Ludwika Marianna Jędrejewicz (/pl/; Chopin, 6 April 1807 – 29 October 1855) was the elder sister of Polish composer Frédéric Chopin. She was born in Warsaw, Poland, in 1807, the daughter of Nicolas Chopin and his wife Justyna.

She was named after her godmother, Countess Ludwika Skarbek, after her parents had taken refuge with the Skarbeks from the unrest in Żelazowa Wola.

== Life ==
From a young age Ludwika showed talent for music and literature, and taught her brother Frédéric (born 1810) Polish and French. Like her brother, she studied music with Wojciech Żywny. In 1825 Frédéric wrote his friend and schoolmate Jan Białobłocki: "Ludwika has composed a perfect mazurek, of a kind that Warsaw has not yet danced to."

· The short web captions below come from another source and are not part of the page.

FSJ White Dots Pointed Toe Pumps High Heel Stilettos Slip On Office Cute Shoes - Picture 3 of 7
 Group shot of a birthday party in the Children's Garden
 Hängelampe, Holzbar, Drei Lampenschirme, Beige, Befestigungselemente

Ludwika on many occasions worked closely with her younger sister Justyna Izabela. Both were members of the Polish Ladies Benevolent Society, a group formed to support those who were impoverished by tsarist repression. This group also sported an agenda to keep the spirit of passive resistance alive. Ludwika also was a co-writer on her sister's two-volume work for artisans, Mr. Wojciech: An Example of Work and Economy.

When her brother emigrated to Paris in 1830, they wrote one another extensively, and she visited him on one occasion. She married Kalasanty Jędrzejewicz on 22 November 1832. Later, when Frédéric's health had begun to deteriorate rapidly, he requested that Ludwika come and stay with him. She arrived in Paris on 8 August 1849 with her daughter and husband, lawyer Józef Jędrzejewicz, but her husband soon left. Ludwika was with Frédéric when he died on 17 October 1849.

After Ludwika's second trip to Paris, her marriage with Jędrzejewicz began to deteriorate. Her husband accused her of putting her family before everything else, and Jędrzejewicz continued treating Ludwika badly until his death in 1853.

After Frédéric's death, Ludwika, together with Jane Stirling, Julian Fontana and Camille Pleyel, began work on the posthumous edition of his works, as well as giving permission for the publication of his unpublished manuscripts.

Ludwika died in her home in Warsaw during an 1855 epidemic of the plague.

Her story is mentioned in Flights, a novel by Olga Tokarczuk.